> **Description of the task**:
Return only the lines starting at the line that contains "How to Draw" and ending with the final line of the listing; include both endpoints.

> **Provided material**:
=== Section Start ===

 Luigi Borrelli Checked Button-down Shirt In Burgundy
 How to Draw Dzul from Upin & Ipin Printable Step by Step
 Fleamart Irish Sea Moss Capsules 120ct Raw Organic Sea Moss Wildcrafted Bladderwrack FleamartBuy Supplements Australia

=== Section End ===

> **Expected answer**:
 How to Draw Dzul from Upin & Ipin Printable Step by Step
 Fleamart Irish Sea Moss Capsules 120ct Raw Organic Sea Moss Wildcrafted Bladderwrack FleamartBuy Supplements Australia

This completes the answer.